→ Task prompt: Every entry that follows should be repeated exactly; drop the images.

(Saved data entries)
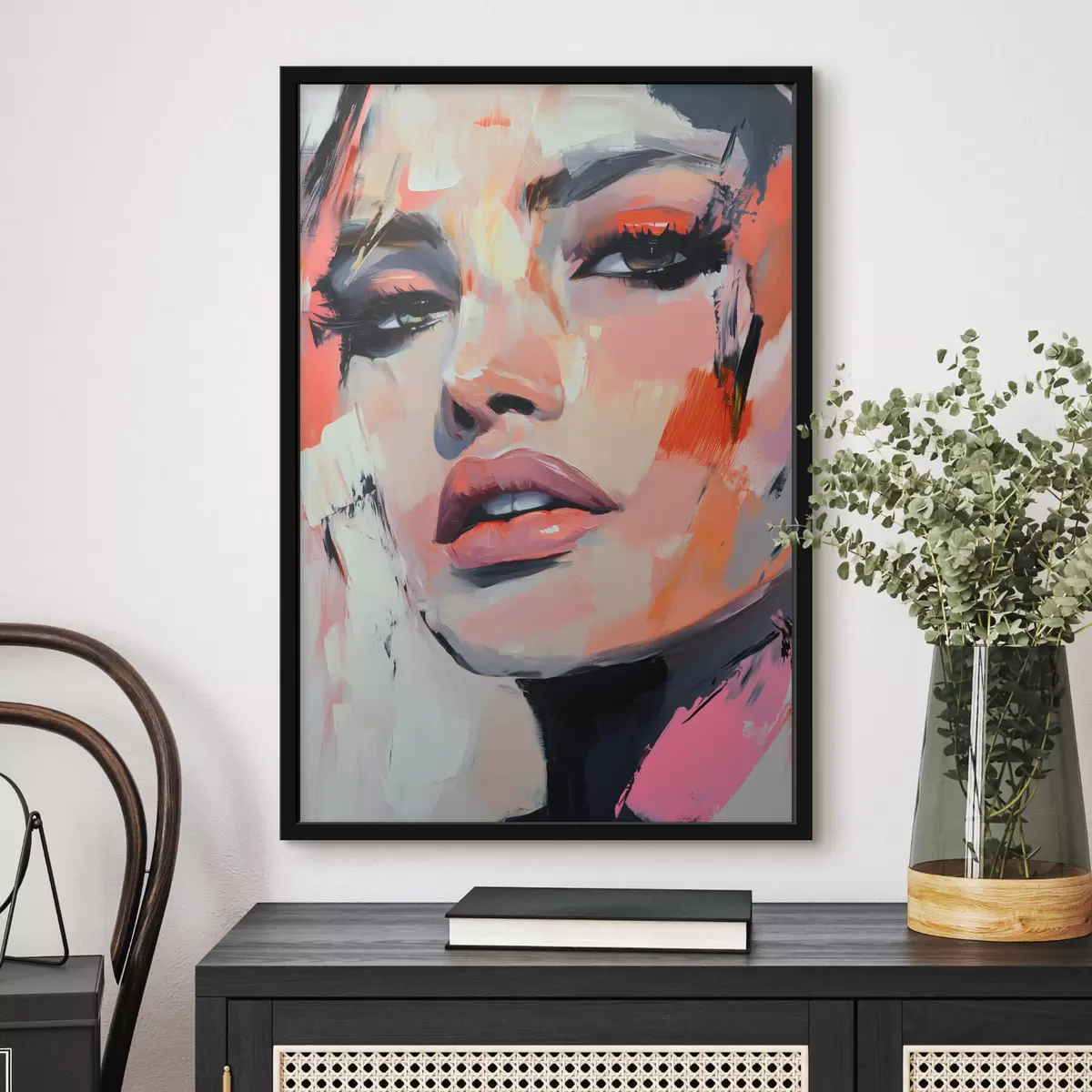 Poster Porträt einer Frau f45135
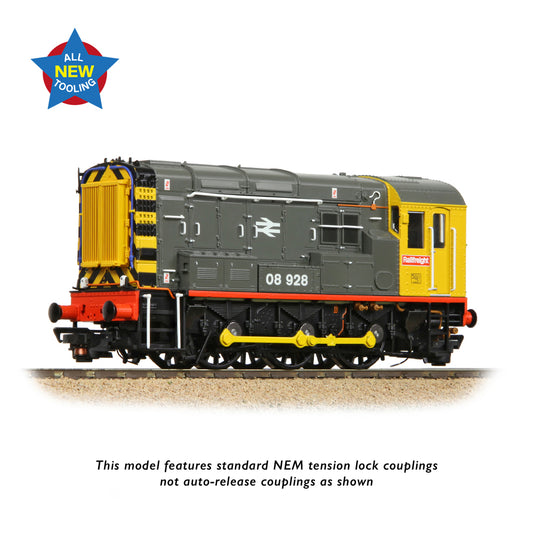 Bachmann 35-906 - Class 08 08928 BR Railfreight (Red Stripe)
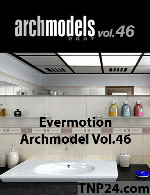 آرک مدل شماره 46 شامل لوازم حمام و دستشوییEvermotion Archmodel Vol 46
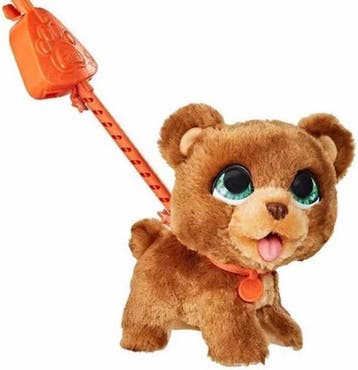 FurReal PoopaLots Bear - Interactieve pluchen Knuffel, Ophalen of Verzenden, Zo goed als nieuw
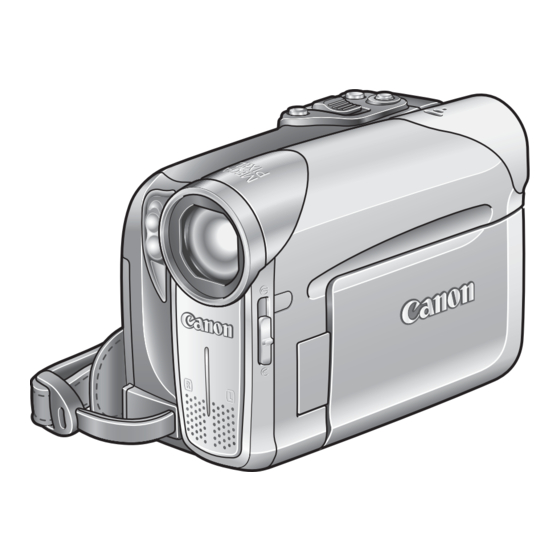 Canon MVX460 Manuals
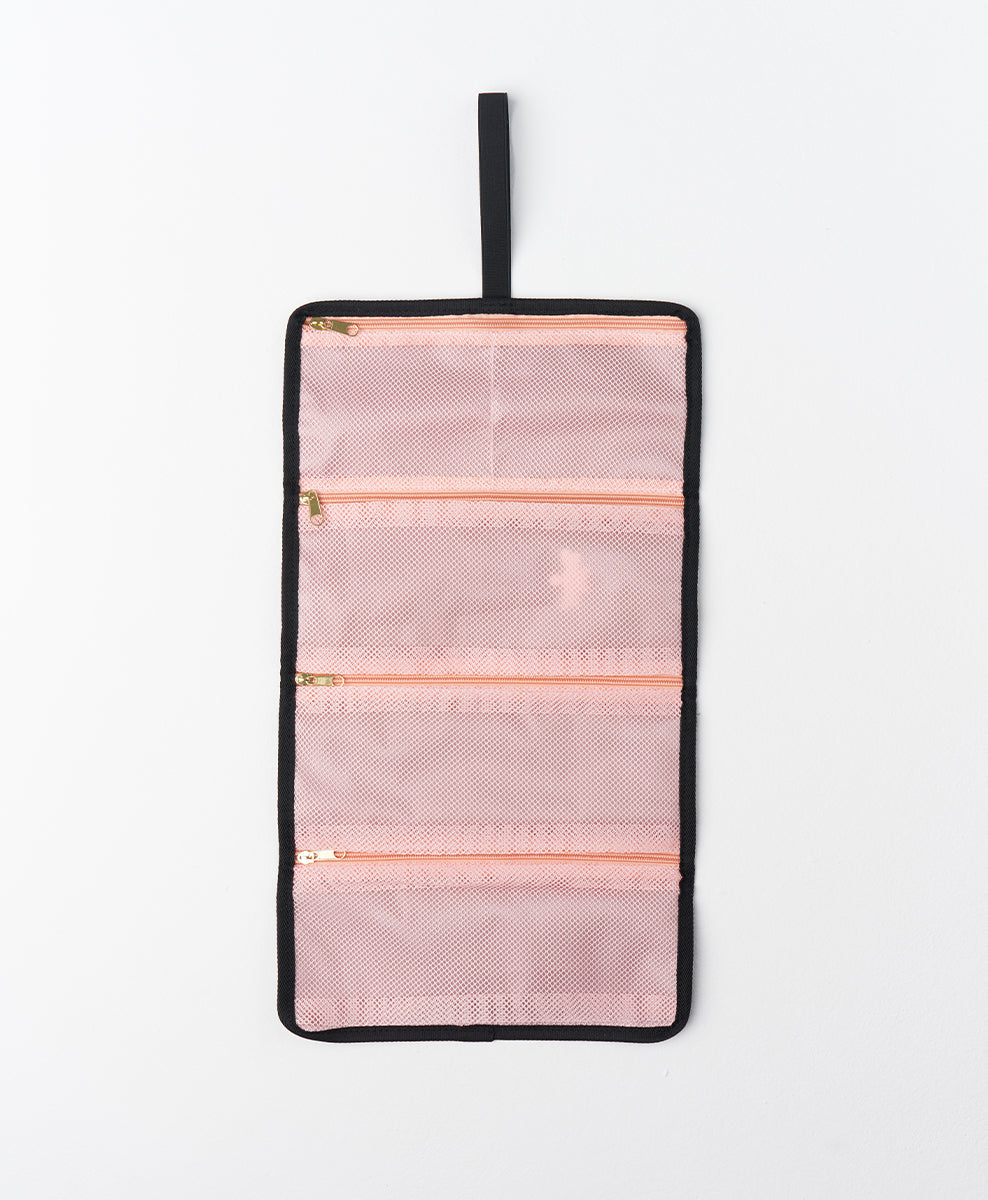 Multi-Compartment Bag - Black/Pink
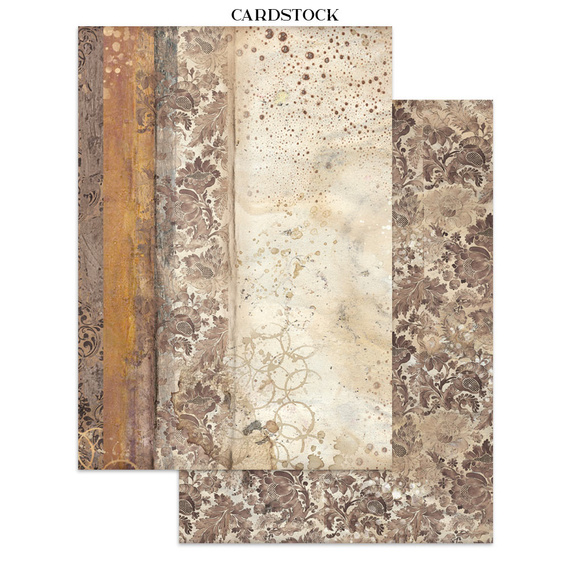 Junk Journal set of papers, stickers and elements - Coffee & Chocolate - Stamperia 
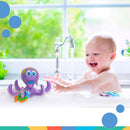Nuby Badspielzeug – Schwimmende Krake mit 3 Ringen | Interaktives Badspielzeug für Babys und Kinder | Ab 18+ Monaten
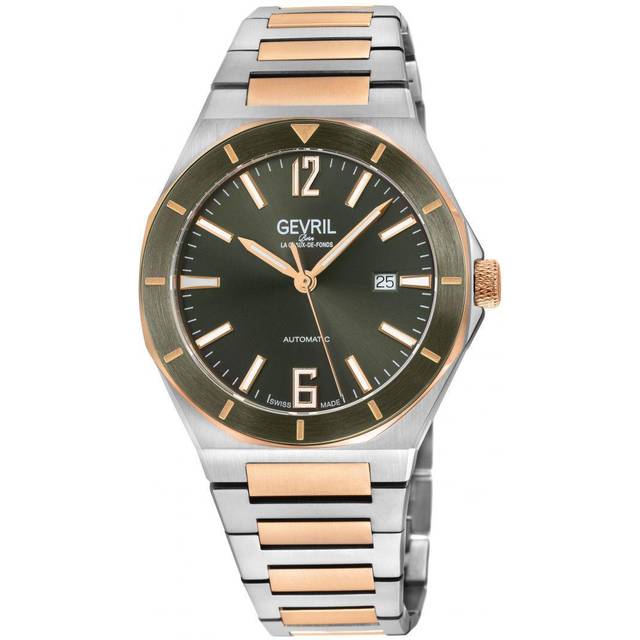 High Line 48404B Swiss Automatic Sellita SW200 Sunray Dial Stainless Steel Watch - Brown - One Size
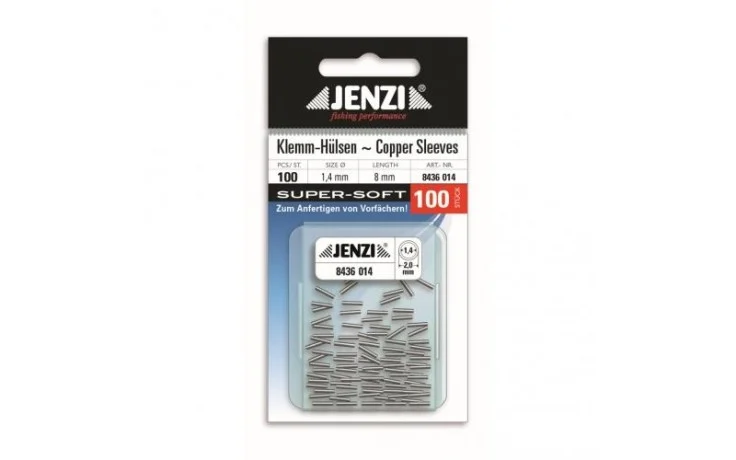Jenzi Klemm Hülsen 1,4 mm 100 Stück 8 mm Länge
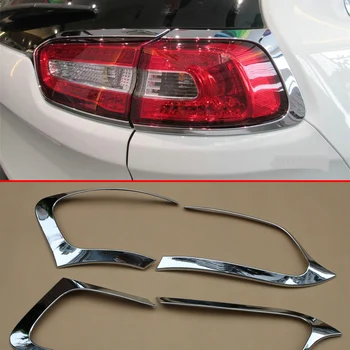 

Chrome Fit For Jeep Cherokee KL 2014 2015 2016 2017 2018 Accessories Rear Tail Lamp Frame Light Protect Cover Taillight Trim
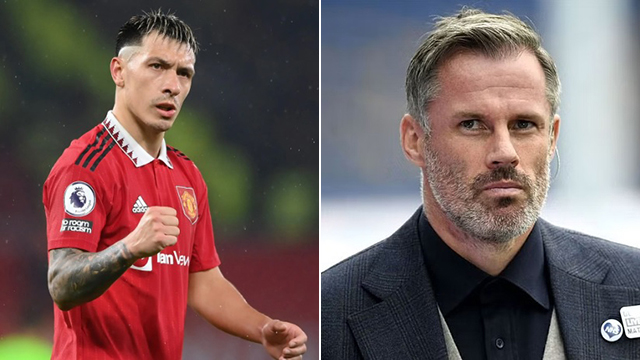 Carragher ponderó la temporada de Lisandro en el United.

→ Response:
 Poster Porträt einer Frau f45135
 Bachmann 35-906 - Class 08 08928 BR Railfreight (Red Stripe)
 آرک مدل شماره 46 شامل لوازم حمام و دستشوییEvermotion Archmodel Vol 46
 FurReal PoopaLots Bear - Interactieve pluchen Knuffel, Ophalen of Verzenden, Zo goed als nieuw
 Canon MVX460 Manuals
 Multi-Compartment Bag - Black/Pink
 Junk Journal set of papers, stickers and elements - Coffee & Chocolate - Stamperia 
Nuby Badspielzeug – Schwimmende Krake mit 3 Ringen | Interaktives Badspielzeug für Babys und Kinder | Ab 18+ Monaten
 High Line 48404B Swiss Automatic Sellita SW200 Sunray Dial Stainless Steel Watch - Brown - One Size
Jenzi Klemm Hülsen 1,4 mm 100 Stück 8 mm Länge

Chrome Fit For Jeep Cherokee KL 2014 2015 2016 2017 2018 Accessories Rear Tail Lamp Frame Light Protect Cover Taillight Trim
 Carragher ponderó la temporada de Lisandro en el United.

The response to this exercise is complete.